#### [Work order]
There are pictures in the records below; leave them out and set down exactly the lines from the one holding "H&M Wide Trousers, Beige" through the one holding "مجسمه طرح دختر مدل گربه بدست".

#### [Information given]
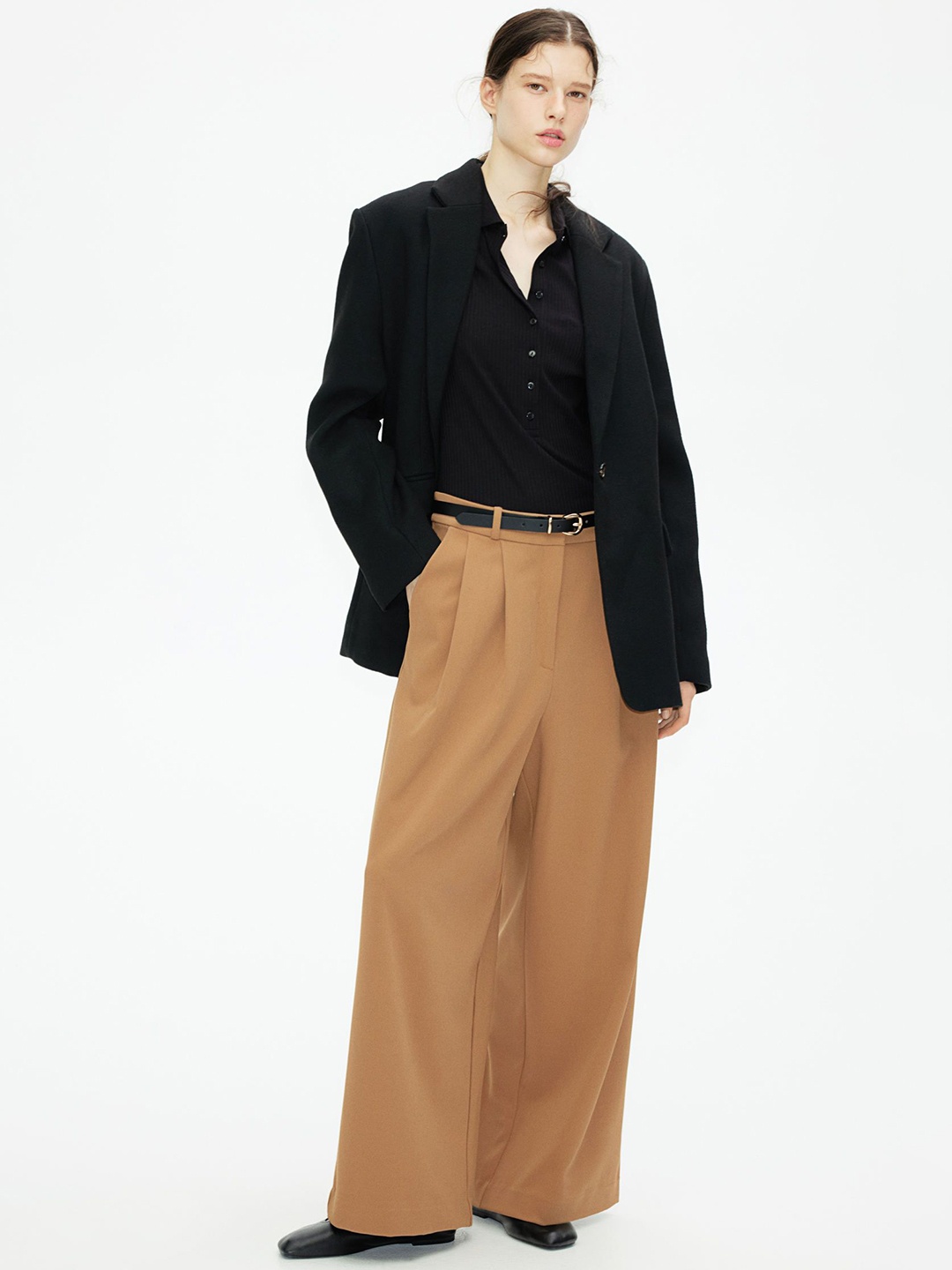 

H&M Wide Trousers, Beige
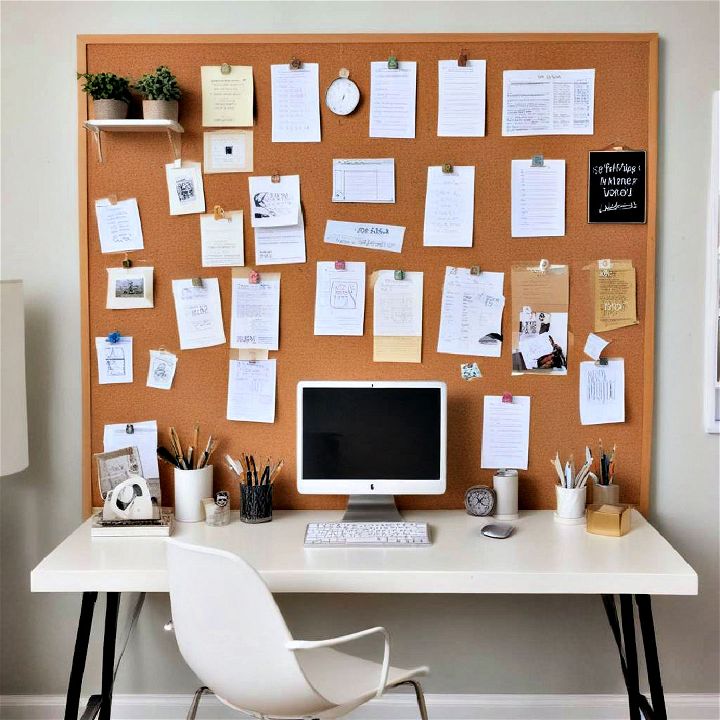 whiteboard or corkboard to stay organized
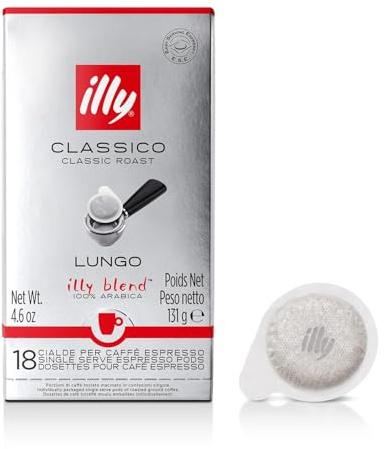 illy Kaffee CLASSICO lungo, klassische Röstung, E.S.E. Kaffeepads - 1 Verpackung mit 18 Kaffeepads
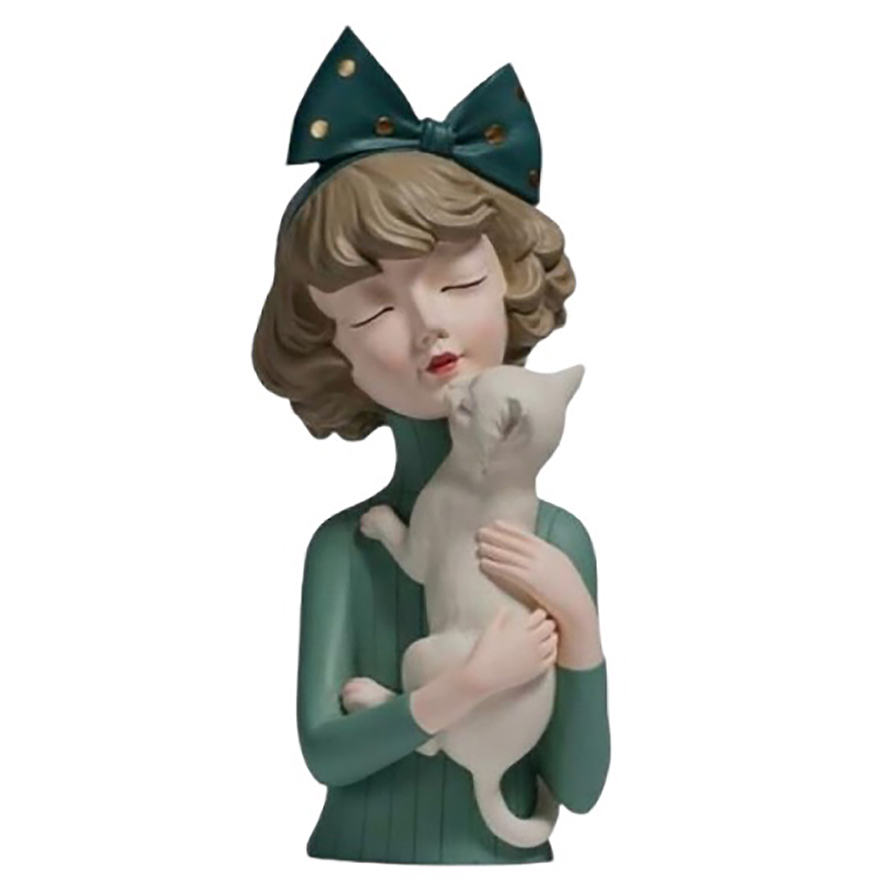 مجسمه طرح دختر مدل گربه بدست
...
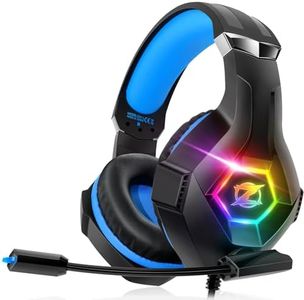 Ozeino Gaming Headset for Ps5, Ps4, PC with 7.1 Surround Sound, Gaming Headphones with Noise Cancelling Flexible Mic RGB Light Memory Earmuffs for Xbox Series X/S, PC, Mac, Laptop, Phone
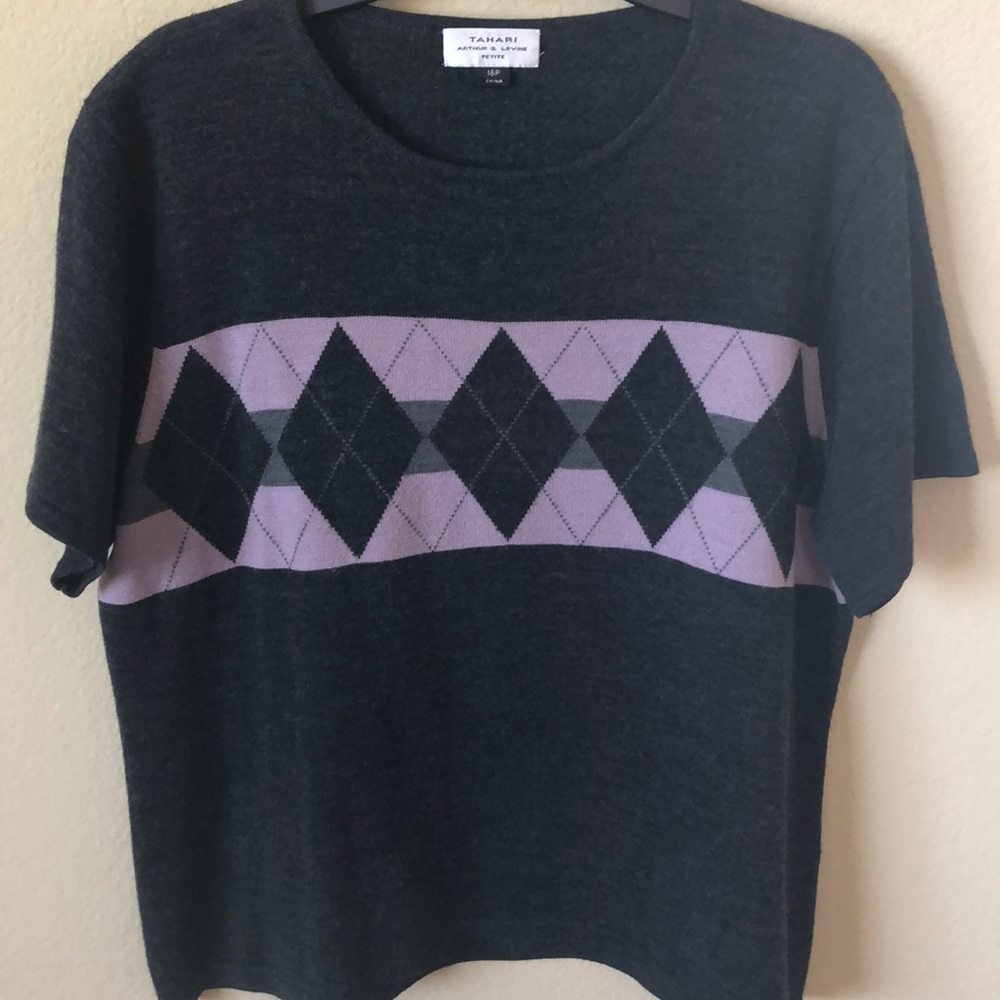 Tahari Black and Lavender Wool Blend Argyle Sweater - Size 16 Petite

#### [Exercise response]
H&M Wide Trousers, Beige
 whiteboard or corkboard to stay organized
 illy Kaffee CLASSICO lungo, klassische Röstung, E.S.E. Kaffeepads - 1 Verpackung mit 18 Kaffeepads
 مجسمه طرح دختر مدل گربه بدست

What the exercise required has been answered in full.